L’Italia partecipa, dunque da protagonista alla fase nuova di costruzione dell’Europa del ventunesimo secolo. Si è aperto un dibattito di grande profilo sul futuro dell’Europa e del ruolo dell’Italia in questo orizzonte.
Non abbiamo da dividerci tra custodi dell’utopia e alfieri del realismo. La sfida, la posta sta nella capacità di assumere e far assumere la dimensione dei nuovi confini economici come riferimento ineludibile dei nostri comportamenti, del nostro standard di competizione, delle nostre aspettative ragionevoli di garanzia sociale. In questo contesto, dobbiamo definire traguardi, percorsi, risorse, politiche. L’orgoglio per i risultati conseguiti non cancella la consapevolezza dei nostri doveri e dei nostri problemi. Dovere di proseguire nella politica di rigore e di rispetto della nuova costituzione economica europea, di quel patto di stabilità che ordina i fondamentali della nostra economia. Ma anche dovere di fare un passo avanti. La scelta europea deve diventare in modo esplicito l’elemento di identità dell’economia reale italiana: occorre che la competitività del sistema paese diventi obiettivo consapevole di tutti gli italiani, affinché sia evitata una separazione, un diverso senso di marcia, tra le grandi scelte annunciate e le questioni reali della vita degli italiani, i comportamenti reali dei pubblici amministratori, degli imprenditori, dei dirigenti, dei formatori, dei cittadini.
Dalla consapevolezza di questi doveri nasce l’identificazione dei nostri problemi. E questi ruotano intorno alla competitività della nostra economia, delle nostre imprese, della produttività del nostro sistema. In questo senso dobbiamo completare il processo di adeguamento e modernizzazione delle strutture amministrative, finanziarie e civili. Dobbiamo e vogliamo sviluppare il disegno di riforme della pubblica amministrazione, del lavoro, del fisco, del sistema di protezione e sicurezza sociale.

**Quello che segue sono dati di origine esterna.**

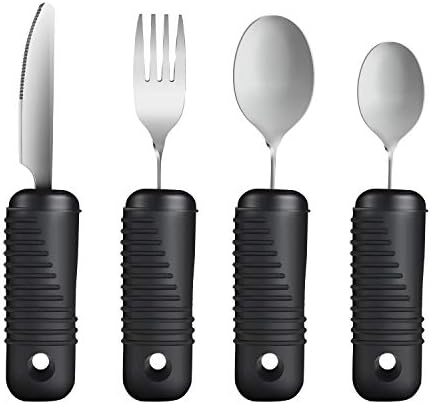 Adaptive Utensils,Easy Grip Silverware,Built Up Bendable Fork,Teaspoon,Tablespoon and Knife for Elderly,Hand Tremors,Arthritis and Parkinson's Patients,4 Piece Set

Occorrono più formazione e più ricerca, occorre sviluppare il sistema di flessibilità del mercato del lavoro per allargare le opportunità, registrando al punto più alto il diritto di cittadinanza sul fronte della coesione sociale.
Noi non rimuoviamo questo problema. La produttività non può crescere senza un ulteriore cambiamento delle regole del lavoro. Siamo convinti, però, che questo cambiamento possa avvenire in un quadro non drammatico, che non cancelli le sicurezze sociali dei lavoratori acquisite in un secolo di battaglie civili. La coesione sociale è per noi riferimento ineludibile anche nella fase più esigente di rilancio della competitività, in quell’attraversamento del fiume rappresentato dal passaggio da un sistema iperprotetto e chiuso ad un sistema aperto e concorrenziale.
In questo contesto, sosteniamo che la famiglia può diventare soggetto attivo di produzione di servizi, di socialità, di ricchezza e di vitalità economica per la comunità e per il sistema territoriale.
Abbiamo proposto di incardinare sulla famiglia la parte più rilevante della manovra di riduzione della pressione fiscale.
Pensiamo che una riduzione del carico fiscale – che sia consistente e destinata a crescere nei prossimi cinque anni – deve risarcire tutti i cittadini per lo sforzo rilevante sostenuto nel periodo di risanamento della finanza pubblica e deve attivare processi virtuosi di ripresa di consumi e dello sviluppo.